My question is, what exactly separates this from a regular $$NP$$ problem? Why is this fundamentally different from an $$NP$$ problem that accepts only on some arbitrary predetermined certificate (or is it even possible to construct such a problem)?

Is it just the fact that $$NP$$ problems are required to have some sort of structure, whereas in the relativised case we're free to build our language arbitrarily? Or is there some deeper difference I'm missing?

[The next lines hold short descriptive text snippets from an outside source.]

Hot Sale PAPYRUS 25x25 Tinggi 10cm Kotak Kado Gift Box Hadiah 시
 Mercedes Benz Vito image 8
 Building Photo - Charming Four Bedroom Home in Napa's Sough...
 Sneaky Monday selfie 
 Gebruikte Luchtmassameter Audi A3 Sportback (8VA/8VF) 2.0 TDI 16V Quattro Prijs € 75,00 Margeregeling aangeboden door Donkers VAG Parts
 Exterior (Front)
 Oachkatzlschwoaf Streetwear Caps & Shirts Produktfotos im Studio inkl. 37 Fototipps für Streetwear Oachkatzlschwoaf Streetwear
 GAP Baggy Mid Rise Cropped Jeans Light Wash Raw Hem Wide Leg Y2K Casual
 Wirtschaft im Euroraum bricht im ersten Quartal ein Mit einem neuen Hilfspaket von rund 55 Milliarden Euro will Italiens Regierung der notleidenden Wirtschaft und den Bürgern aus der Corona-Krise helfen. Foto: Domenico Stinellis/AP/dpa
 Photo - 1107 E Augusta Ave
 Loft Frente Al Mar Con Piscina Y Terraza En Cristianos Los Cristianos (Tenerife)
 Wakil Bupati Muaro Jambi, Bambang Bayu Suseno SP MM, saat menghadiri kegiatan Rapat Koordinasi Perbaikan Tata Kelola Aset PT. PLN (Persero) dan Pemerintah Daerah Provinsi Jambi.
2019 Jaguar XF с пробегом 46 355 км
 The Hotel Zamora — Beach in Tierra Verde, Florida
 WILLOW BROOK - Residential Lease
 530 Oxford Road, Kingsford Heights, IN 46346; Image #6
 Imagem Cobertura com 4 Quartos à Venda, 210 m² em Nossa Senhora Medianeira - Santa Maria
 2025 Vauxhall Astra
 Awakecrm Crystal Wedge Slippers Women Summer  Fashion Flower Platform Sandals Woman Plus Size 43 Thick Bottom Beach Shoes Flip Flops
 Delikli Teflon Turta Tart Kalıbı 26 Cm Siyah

• There are also oracles with respect to which P equals NP. – Yuval Filmus May 8 '19 at 16:08

The reason has little to do with the problems in $$\mathbf{P}$$ and $$\mathbf{NP}$$ themselves; it is due to the computation models they describe. Recall that, if $$A$$ and $$B$$ are complexity classes, $$A^B$$ only really makes sense if $$A$$ can be expressed as a class of machines which can be equipped with oracle access (to the problems in $$B$$). $$A^B$$ does not make sense if $$A$$ cannot be expressed in terms of machines (which can use oracles).
This means the class $$A^B$$ is not obtained simply by taking the class $$A$$ (as a set of languages) and performing some operation on them using $$B$$ as a parameter (as the rather deceivingly simple "exponentiation-looking" notation would lead you to believe). Rather, it is a class belonging to a machine model of its own accord, namely the machine model of $$A$$ given oracle access to problems in $$B$$. In fact, it is rather surprising that the whole thing is well-defined, that is, that taking any two machine models for $$A$$ and granting both of them oracle access to $$B$$ yields the same class $$A^B$$ (actually, this only works if you are so careful as to give them both oracle access in a proper way).
That we can obtain relativizing results from certain (i.e., relativizing) proofs is, thus, even more surprising. As you can see, these are the sort of proofs which still work even if you replace the machine models with any closely-related ones (i.e., their oracle versions). Since they generalize in this way, they actually turn out to be very useful in that we can derive corollaries from them (for the respective relativized classes). An example of such a proof would be the inclusion $$\mathbf{BPP} \subseteq \Sigma_2$$.
In a nutshell, $$\textbf{P}^A \neq \textbf{NP}^A$$ does not really tell us anything about the relation of $$\textbf{P}$$ to $$\textbf{NP}$$ since $$\textbf{P}^A$$ (resp., $$\textbf{NP}^A$$) can be a class which is completely unrelated to $$\textbf{P}$$ (resp., $$\textbf{NP}$$). For an extreme example, consider what happens when $$A$$ is the class of languages which are (efficiently) reducible to the halting problem; in this case $$\mathbf{P}^A$$ contains languages which are not even recursively enumerable. And there are even classes which have been shown to be equal, but which do not relativize in almost any way (e.g., $$\mathbf{IP}$$ and $$\mathbf{PSPACE}$$).